We are nearing the end of our 9th week away from home, living from one suitcase each. I thought it was going to be way more challenging. It was easily my biggest fear, worse than getting sick, (happened to me at age 24 in Thailand), worse than not-so-nice hotels, (too many to count in the past), worse than strange food, (had chickens feet presented on a platter that looked like hands), worse than any of that.
Every time I thought of a year away from home, I kept getting tripped up by the whole suitcase thing. How much of my stuff would I be able to bring with me? How could I live without all the things I need? The items I use everyday, which I would miss so much if I didn’t have them? How do people do this?
Obviously, I dove into research mode. In truth, most people who travel long-term are young. Like in their twenties, with a rucksack, living in hostels. Living on the cheap and loving every minute of it. Or so the videos on YouTube would have you believe. But, social media can be very deceiving. This I know to be true.
However, I remember what it was like to be that age. I didn’t own very much that I cared so much about. I was poor, having just moved out of my parents house. Most of what I owned was a cast off from somewhere else. New to me, but far from new, and sometimes not even very nice. The only consolation was, it was all mine. Even then, I couldn’t imagine giving it all up for an extended period of time. I was quite attached to it all.
Fast forward, all those years, cycle through all the stuff I had accumulated, the memories attached to everything, it was all very heavy. I could live a whole day, sometimes even a week by looking through, sorting and cleaning all those possessions. I hate to admit this, somehow. I had raised the level of importance of my things to such a height as I couldn’t bear to live without them.
Once I realized that, and got over the shock of it, it was just a matter of getting real, once again. I pretended I was a young person. Taking stock of everything and pairing it all way back. It was not easy, but it was worth it. I’ve written about my process, at length.
- Could you love travel with only hand luggage?
- What can we reasonably take care of?
- One foot out the door
But, when everything was said and done and I arrived at my sister’s house, 9 weeks ago I faltered. She could not believe that I was going to live for a year, with only the one suitcase. I had got pretty used to the idea and thought I had shared plenty of my thoughts on the subject, but other people don’t live in my head. Even so, it didn’t matter so much how shocking it looked, for I was the one who would have to carry it all around, everywhere we went. (Not every place would have a lift!)
We had some time in Alberta, staying with family to make a final round of decisions. I left a stuffed duffel bag at my parents house with various things which didn’t make the final cut. And now, we are setting aside another box worth of stuff we will send home, before we leave Barcelona.

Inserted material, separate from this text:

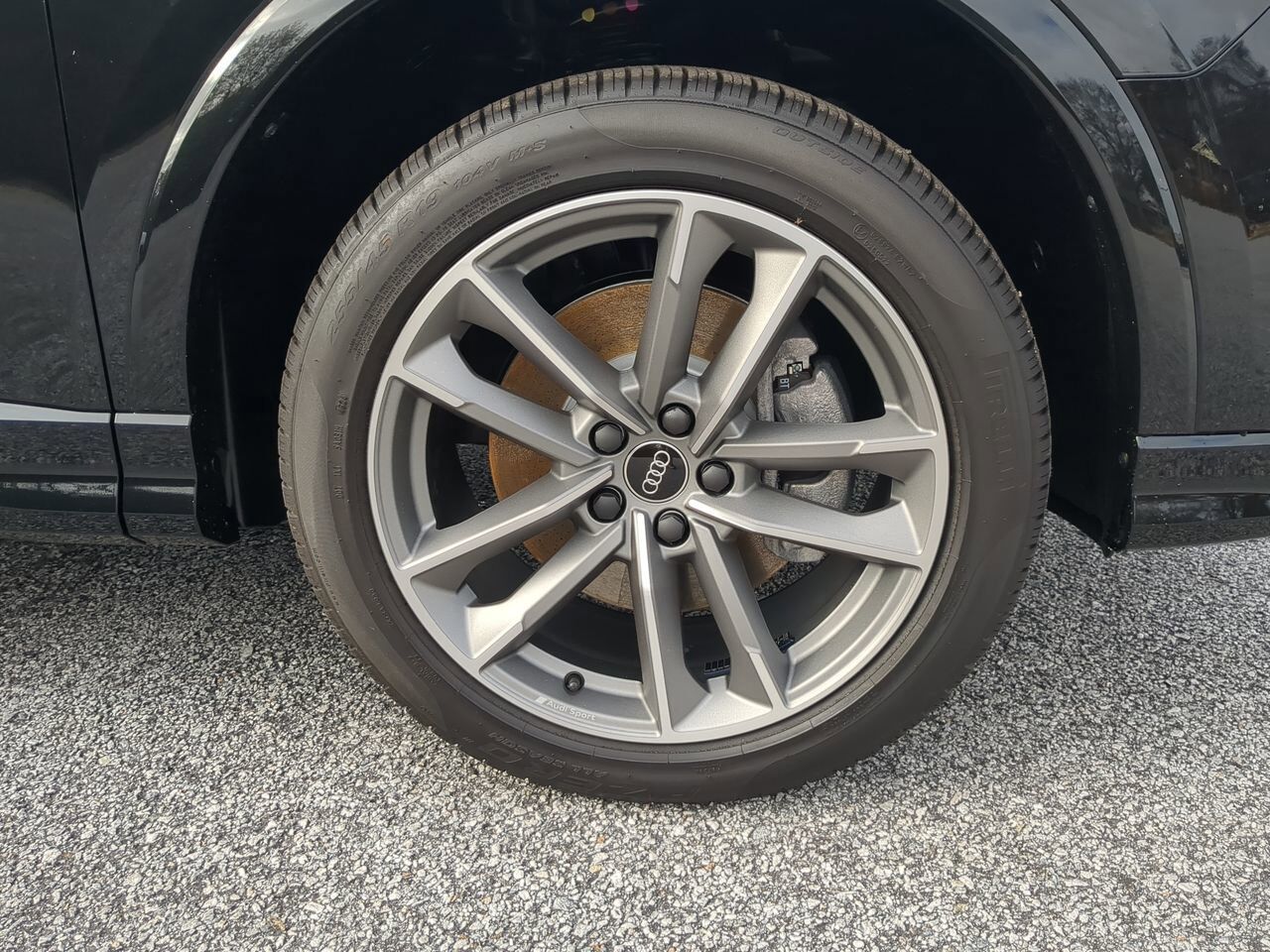 2025 Audi Q3 S line Premium Winder GA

Some things that came over here to Europe, seemingly so important, are just not going to be needed for this kind of life we are leading. There are even some clothes, I have not worn yet. The rule of one to wear, one to wash and one to spare is really all a person needs of the day-to-day items. Except for maybe underwear and socks. The rest of it is continually getting washed. And, I wear clothes for so many more days than I did back home. No, I have not lowered my standards and run around being smelly with body odour. Generally, the quick-dry, synthetic pieces I bought most recently, don’t hold on to anything. They wash well and are almost dry with the spin cycle. They can be put on the line and don’t absorb the community cooking smells from our neighbours. My little cotton dresses, on the other hand, really need a dryer. I was shocked to put one on the other day and recoil at what it smelled like. I will need to replace those with synthetic pieces, once we get down to SE Asia.
All in all, it is far easier to live with less than I ever imagined. We seem to be continually doing laundry, but we are also continually shopping for groceries. And it is more manual labour for both enterprises, than I am used to. I suspect that, what seems like such a big adjustment is more, moving house from Canada to Europe, along with living in an urban centre. We lived far out in the suburbs back home, driving to get everything done in our lives. Here we walk, or take the excellent public transit options along with more walking.
As I think about our transit to the next stop, it is really comforting to only have one suitcase each, to be responsible for. Even then, I wonder how much lighter I can make it before we head off to the next destination!